Required work: From the line below containing "JELLOO Women'S Fashion" to the final line, print each line exactly as written. No pictures belong in the copy.

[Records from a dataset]
◆ ◆ ◆ ◆ ◆
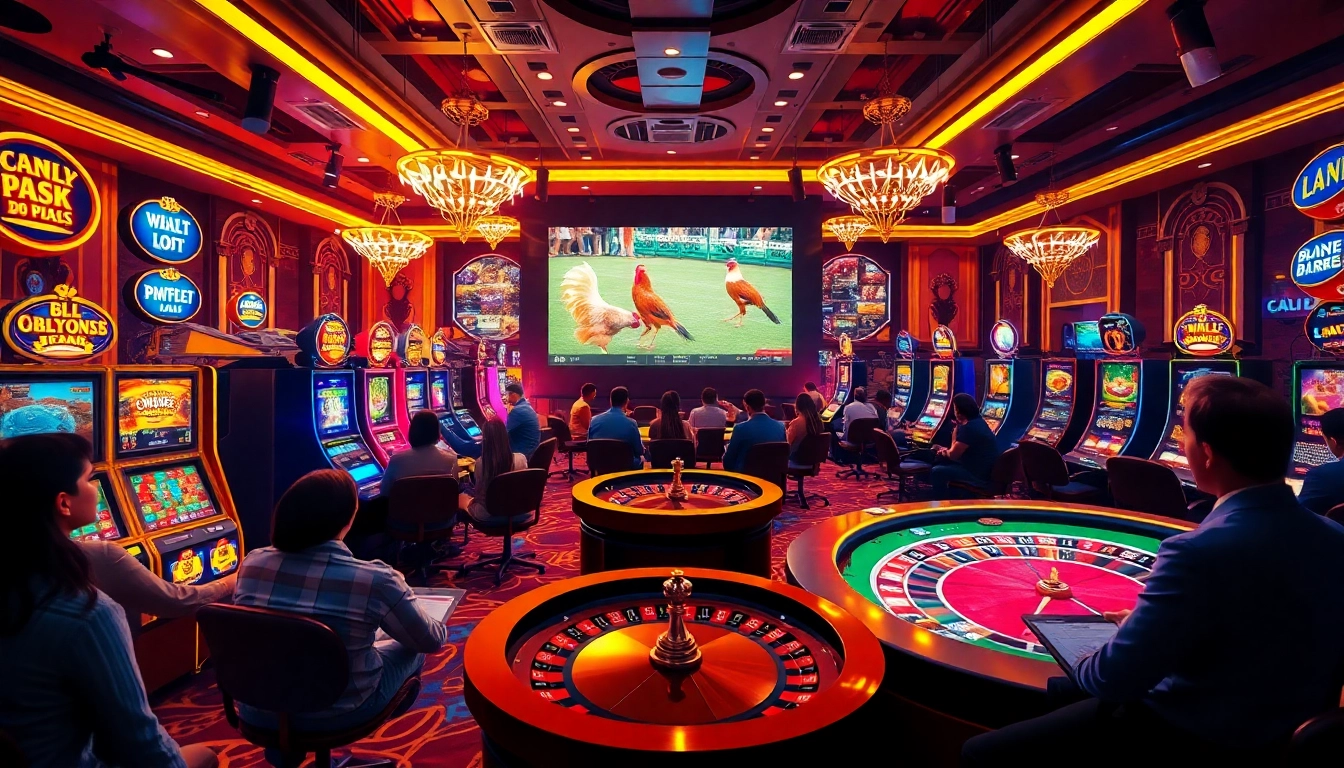 Xem live đá gà hôm nay with thrilling cockfighting visuals in a luxurious casino setting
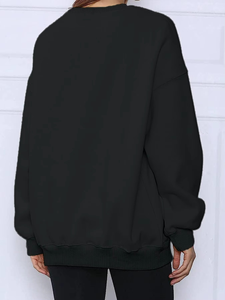 Sweat-shirt décontracté d'hiver pour femme, style ample, couleur unie et motif lettres, tissu tissé durable et respirant, vêtement long - Product Image 2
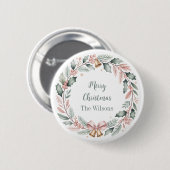 Personalized Merry Christmas Wreath Ronde Button 5,7 Cm (Voorkant /achterkant)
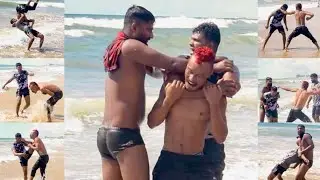 Marina beach Chennai wrestling | Fatal 4 way || #hwe #hwewrestling #marinabeach #beach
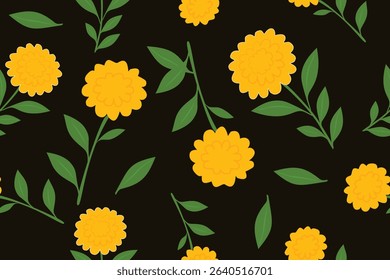 Seamless floral pattern with bright yellow marigold-style flowers and green leaves on a black background. Bold and elegant design perfect for fabric, print, and decor.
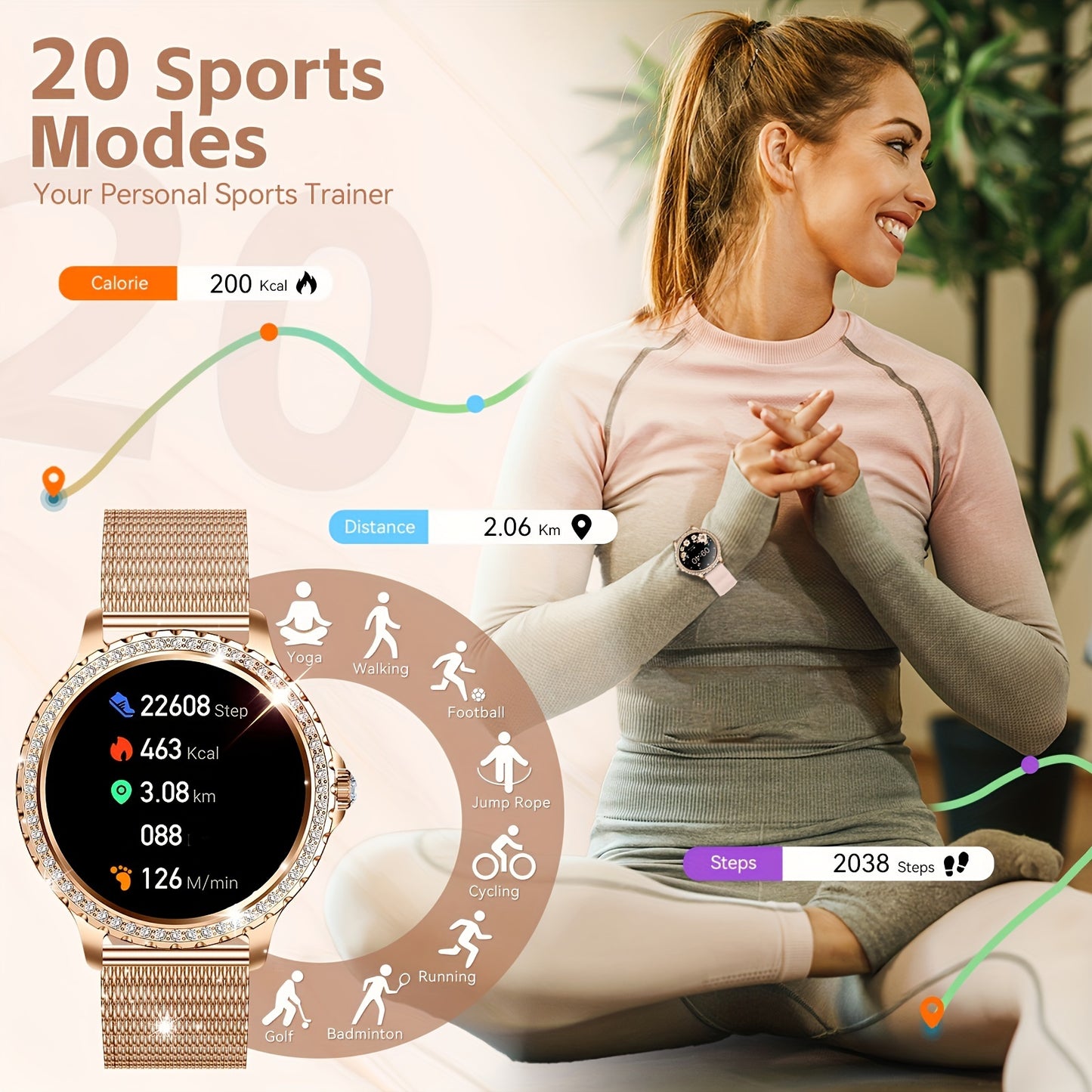 JELLOO Women'S Fashion Smart Watch - 3.35cm HD Full Touch Screen, Wireless Calls, IP68, Rechargeable Lithium Battery, Rose Golden & Pearl Accents, Perfect for iPhone & Android, Stylish Accessory|Rose Golden Watch|Lithium Batt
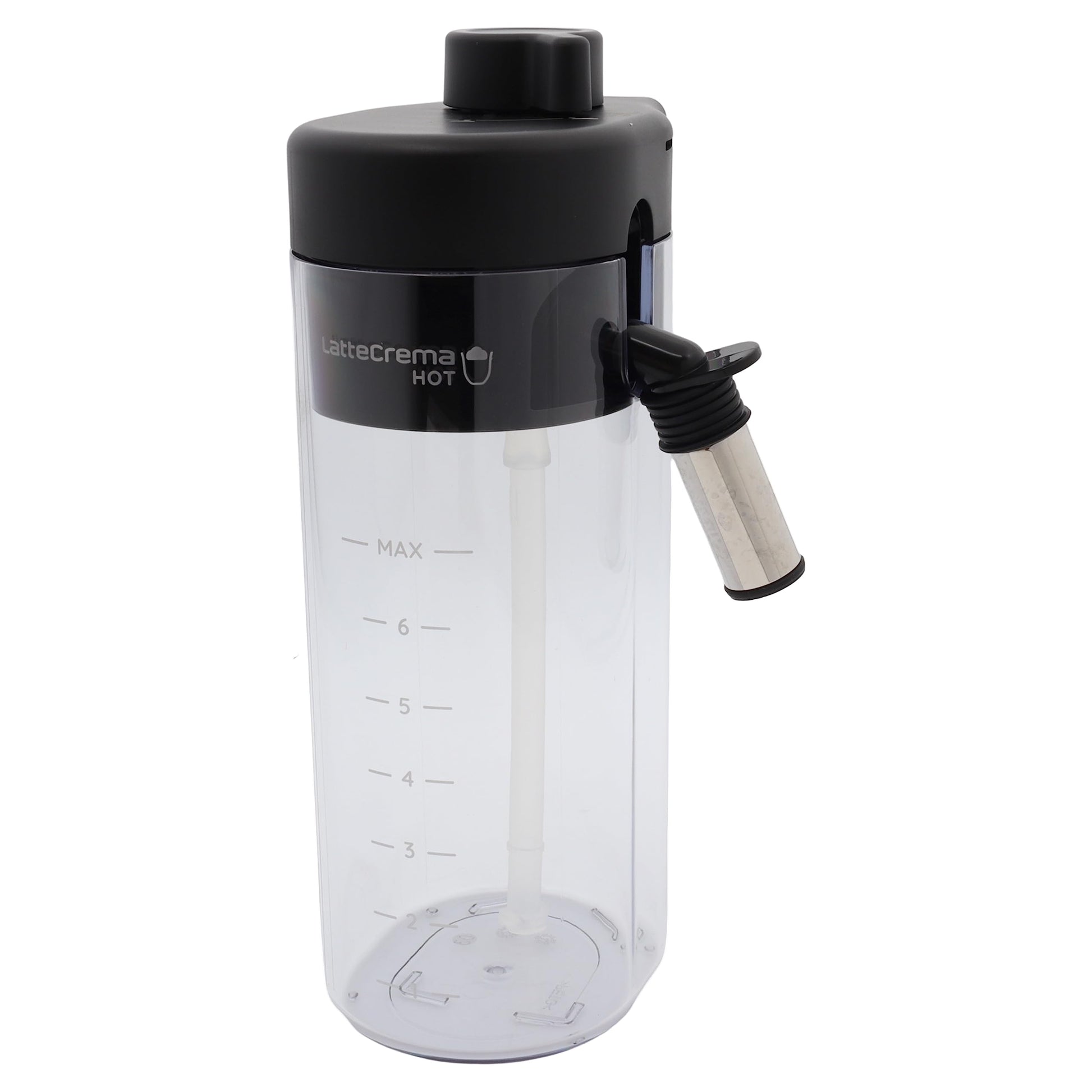 DeLonghi AS00005734 Milchkännchen für Kaffeemaschine. Zylindrisches Edelstahlkännchen mit Griff und Ausguss zum Aufschäumen von Milch für Kaffee.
◆ ◆ ◆ ◆ ◆
Response to the exercise:
 JELLOO Women'S Fashion Smart Watch - 3.35cm HD Full Touch Screen, Wireless Calls, IP68, Rechargeable Lithium Battery, Rose Golden & Pearl Accents, Perfect for iPhone & Android, Stylish Accessory|Rose Golden Watch|Lithium Batt
 DeLonghi AS00005734 Milchkännchen für Kaffeemaschine. Zylindrisches Edelstahlkännchen mit Griff und Ausguss zum Aufschäumen von Milch für Kaffee.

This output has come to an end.